Despite receiving negative remarks from some, she said her belief in her “cause” and the other positive feedback for her work is what keeps her going.
Al-Taweel is also the chairwoman and co-founder of Tasamy Social Initiatives Center, a foundation that funds and facilitates volunteering initiatives across Saudi Arabia.
“When we first started Tasamy we noticed that in Saudi Arabia there are only 800 NGOs,” said Al-Taweel.
“When we did our research on why young people don’t want to start their own NGOs or be part of the non-profit scene, they all said ‘it is not going to make money. It’s unsustainable. It’s not going to be good enough for me. I’d rather be in government or the private sector’,” Al Taweel added.
But many young Saudis have now started their own NGOs, after going through Tasamy training programs.
Mohammed Saad, a visually-impaired young Saudi who boasts at least 26,700 followers on Twitter, started an NGO with the help of Tasamy to help train visually-impaired people on how to use social media.
“We are the ones who just go there and say ‘Why not? Why can’t you do it?’,” Al Taweel said. “So we just give them more guidance. We are like the backwind for them… We hope that in the next couple of years we will have many more success stories.”
Al-Taweel participated in “Wired Women”, a panel discussion held on Wednesday at the Abu Dhabi Media Summit. She spoke about the positive role social media has in evolving the business environment in the region and in involving more women.
Social media has provided a “free platform” for women to enjoy an “equal opportunity” to express themselves in a way the “real world” does not guarantee, said Al-Taweel.
“Social media has absolutely no criteria. Everyone can participate and anyone can start a discussion and a hashtag,” she said.
Social media has opened people’s minds, with many conservative scholars “who used to be against women speaking” now debating with women on sites like Twitter, Al-Taweel added.
“It is now even giving the woman an opportunity to send [the scholars] a message and to raise her voice,” Al Taweel said. Likewise, scholars are given the opportunity to change preconceptions about women sitting at home, and not have a voice.
Speaking about struggles that keep women in the region from joining the workforce, Al-Taweel spoke of the “double-burden syndrome, where [women] have to take care of our homes and also have careers.”
“Women tend to make the toughest choice of staying at home and taking care of their children,” she said. She added that the ratio of women in top management executive committees and boards is less than 1 percent in the GCC and the Middle East – the lowest in the world.
“It is even more difficult for women to be in the media,” Al Taweel added. “I feel that the reason why you don’t see many women in the media is that media as an industry is completely exhausting. You have to be on 24/7.”
But she is optimistic, given that she sees more women joining the media workforce.
“I see progress… I see women starting their own production hubs, their own [advertising] agencies,” said Al Taweel.
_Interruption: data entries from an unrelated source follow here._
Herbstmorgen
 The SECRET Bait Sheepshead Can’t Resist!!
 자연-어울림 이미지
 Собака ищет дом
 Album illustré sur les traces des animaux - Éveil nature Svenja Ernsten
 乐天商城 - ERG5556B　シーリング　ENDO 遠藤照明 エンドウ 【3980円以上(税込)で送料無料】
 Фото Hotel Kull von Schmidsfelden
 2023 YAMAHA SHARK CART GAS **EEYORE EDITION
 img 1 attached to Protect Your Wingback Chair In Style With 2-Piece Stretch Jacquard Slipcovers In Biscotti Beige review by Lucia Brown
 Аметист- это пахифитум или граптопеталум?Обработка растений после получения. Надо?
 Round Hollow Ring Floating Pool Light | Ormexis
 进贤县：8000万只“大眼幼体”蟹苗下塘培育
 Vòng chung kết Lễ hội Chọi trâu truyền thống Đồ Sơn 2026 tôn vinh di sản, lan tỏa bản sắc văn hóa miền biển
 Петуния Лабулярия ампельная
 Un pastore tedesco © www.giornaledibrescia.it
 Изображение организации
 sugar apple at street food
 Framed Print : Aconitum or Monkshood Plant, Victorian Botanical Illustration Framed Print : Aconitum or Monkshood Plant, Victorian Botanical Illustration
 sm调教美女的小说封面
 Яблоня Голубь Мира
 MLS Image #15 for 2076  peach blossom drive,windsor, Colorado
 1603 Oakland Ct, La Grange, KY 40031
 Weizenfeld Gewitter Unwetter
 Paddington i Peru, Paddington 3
“If we just keep complaining that we don’t have jobs… and we sit at home and do nothing, my children are going to be complaining. And their grandchildren are going to be complaining. And we are going to be in an endless cycle,” she said.
“It’s easy to say that things are difficult… and that you are just a drop in the sea. But you and a million other drops can create a wave that can change our society.”